Monday, April 13, 2009

MRIS March 2009 Housing Report: The Gazillionaire Effect

Last week MRIS released its data for signed sales contracts for existing home and condos in the District during March 2009. I have to say it was an odd month. As you can see below, all metrics - save transaction volume - were negative.

When you look at the data, you'd think there's a sudden boomlet in condo sales since MRIS' data show a 16.37% increase in dollar volume and an almost 30% increase in average sales prices for that market. However, a little investigation showed that ten condos sold for more than $1MM; two cost between $2.5-5MM and one sold for more than $5MM. The latter, located at the Georgetown Ritz-Carlton, sold for $7.295MM and was the subject of a story by my buddies at UrbanTurf. Since MRIS' data aren't granular enough for detailed analysis, it's difficult to determine the degree to which these particular sales skewed the market. At least until I analyze the District's sales data. Since the Ritz-Carlton sale clouds an effective analysis of the month's sales using MRIS data, I declare the month null and void thanks to the Gazillionare Effect.

What I'm seeing in March's data:

  • More homes sold [up 14.21%], but at lower prices [down 26.04%], so overall dollar volume was 15.52% lower. Nineteen homes sold for more than $1MM.
  • YoY, condo unit sales fell 10.34% and average prices rose 29.79%, which is is questionable thanks to the gazillionaire's purchase at the Ritz.
  • Based on March's sales volume, there is a 9.07 month inventory of condos listed [a huge 43.76% decrease from February] and 9 month's supply for homes [a 25.04% decrease]. Compared to February 2008, the number of condos listed is up 1.98%, while home listings grew 8.14%.

I wonder what the condo fee is at the Ritz-Carlton.

Detailed Data

Average Sales Price

Dollar Volume

Transaction Volume

5 comments:

Ben said...

I've read elsewhere that what were seeing (ie the pop in home sales) is due to the income tax credit people can now take advantage of.

Once those people buy homes (Ie over the next month or so) we will see a temporary growth in home sales and then another slump after they are no longer on the market.

Your thoughts?

Anonymous said...

Are you going to post any details about the winning house?

Keith said...

Ben:

I doubt the $8K tax credit is enough to cause much of a bump in real estate sales in the District.

As I understand it, the $8K comes through a $1:$1 credit when you pay your 2009 taxes; at best, the only way to get that money into your pocket today, when it makes a difference, is by hiking your W-4 exemptions enough to start banking the increase in take home pay.

However, it would take a while for that to accumulate to the point where it would be helpful in making a purchase.
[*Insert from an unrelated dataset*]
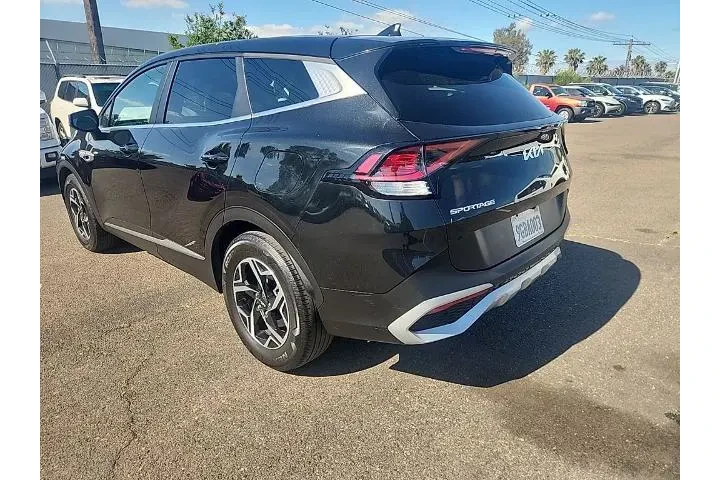 $21491 : Kia Sportage 2023 LX 4dr SUV image 10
And until it's in the bank, it won't help with down payment or closing costs.

A realtor I talked to today said he's seen no impact on his activity due to the tax credit.

So, until empirical data are available that prove the reports, I attribute all those articles to a reporter filling some space to make a deadline.

Ben said...

Oh, interesting as I thought the tax credit was 8k on top of your normal tax return (or a debit if you owe taxes); you sure on that part?

Regardless just from talking to friends in my circle the tax credit have given them incentive to start looking. Whether that turns into sales is another thing altogether (or if my circle of friends are different from other buyers).

An economist will argue that a consumer who knows his income will increase in the future (ie the tax credit) will increase his current consumption. This increase could come in the form of a home purchase.

I do agree though we won't fully know until data is there to prove the point, one way or another.

Keith said...

Ben:

With the $8000 tax credit, you lower taxes owed by $8000 next April 15, unless you qualify to apply it to your 2008 taxes.

From the NAHB web site:

Is a tax credit the same as a tax deduction?

No. A tax credit is a dollar-for-dollar reduction in what the taxpayer owes. That means that a taxpayer who owes $8,000 in income taxes and who receives an $8,000 tax credit would owe nothing to the IRS.

A tax deduction is subtracted from the amount of income that is taxed. Using the same example, assume the taxpayer is in the 15 percent tax bracket and owes $8,000 in income taxes. If the taxpayer receives an $8,000 deduction, the taxpayer’s tax liability would be reduced by $1,200 (15 percent of $8,000), or lowered from $8,000 to $6,800.